** Data for the task follows **
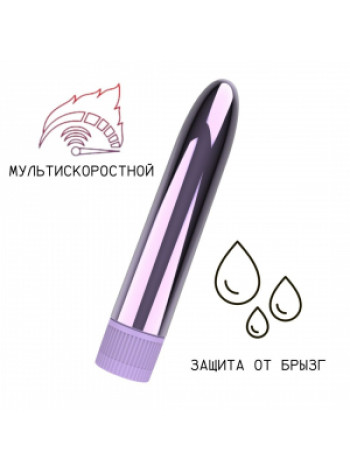 ФИОЛЕТОВЫЙ ГЛЯНЦЕВЫЙ ПЛАСТИКОВЫЙ ВИБРАТОР (14*2,5 СМ)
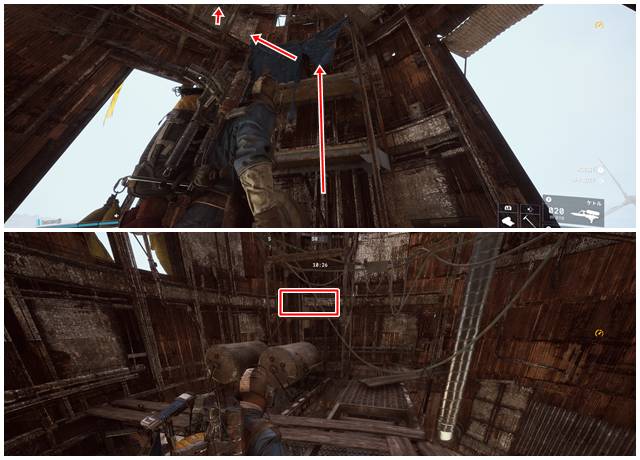 フォルミカイ前哨基地にある武器ケースの場所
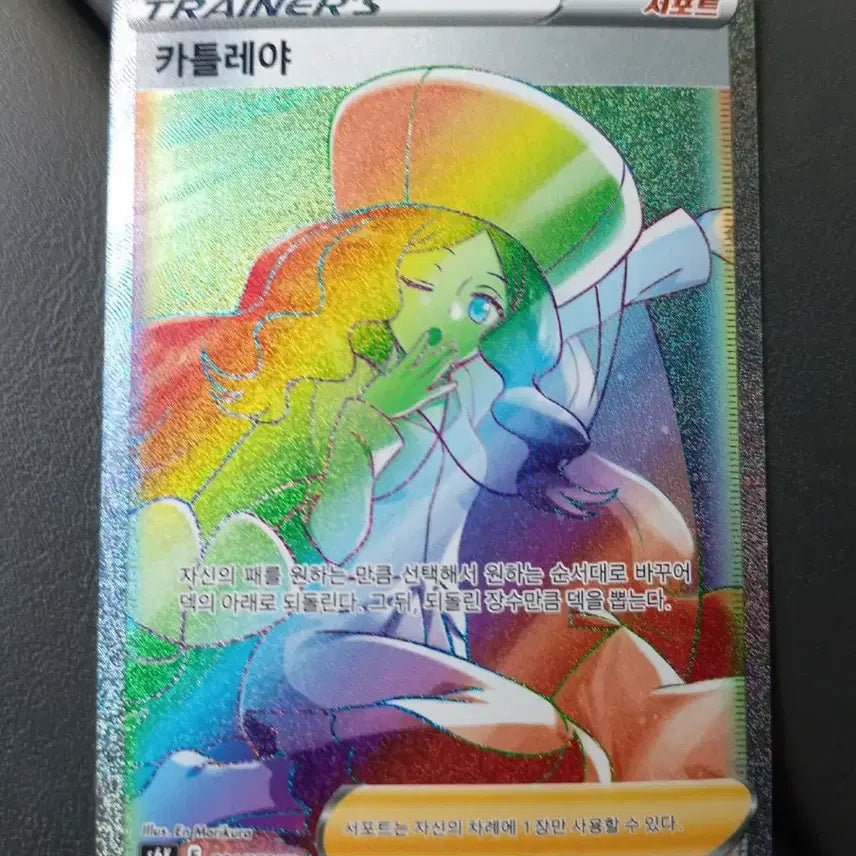 [BUNJANG] Cattleya HR Pokemon Card / 카틀레야HR 포켓몬카드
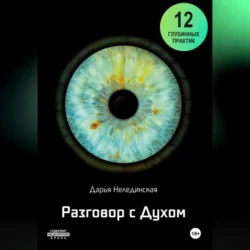 Разговор с Духом, audiobook Дарьи Нелединской. ISDN70848109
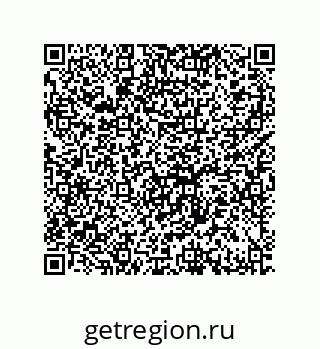 79632000188
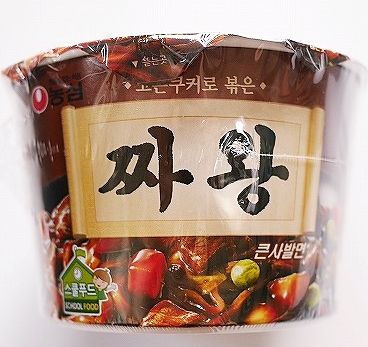 農心　ノンシム　チャワン　チャーワン　チャ王　ジャージャー麺　カップ麺の口コミ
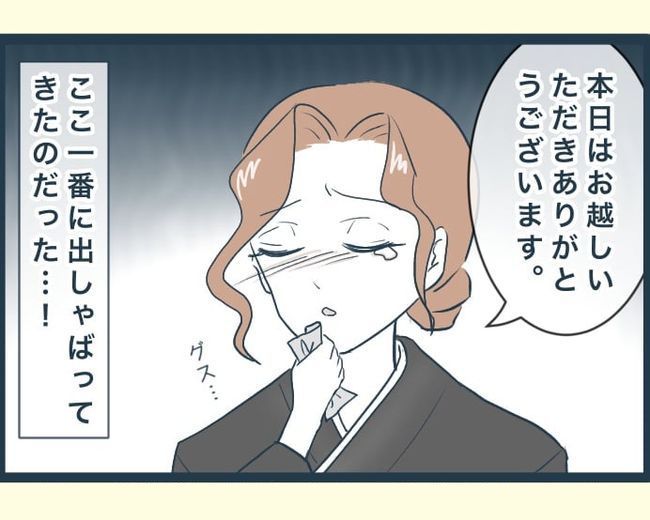 イジワルな長男の嫁の末路／みぃ子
** End of Data for the task **
**What to produce**
Quote verbatim every line starting at the line that contains "農心　ノンシム　チャワン　チャーワン　チャ王　ジャージャー麺　カップ麺の口コミ" and ending with the last line of the records; omit all pictures.

**Task output**
 農心　ノンシム　チャワン　チャーワン　チャ王　ジャージャー麺　カップ麺の口コミ
 イジワルな長男の嫁の末路／みぃ子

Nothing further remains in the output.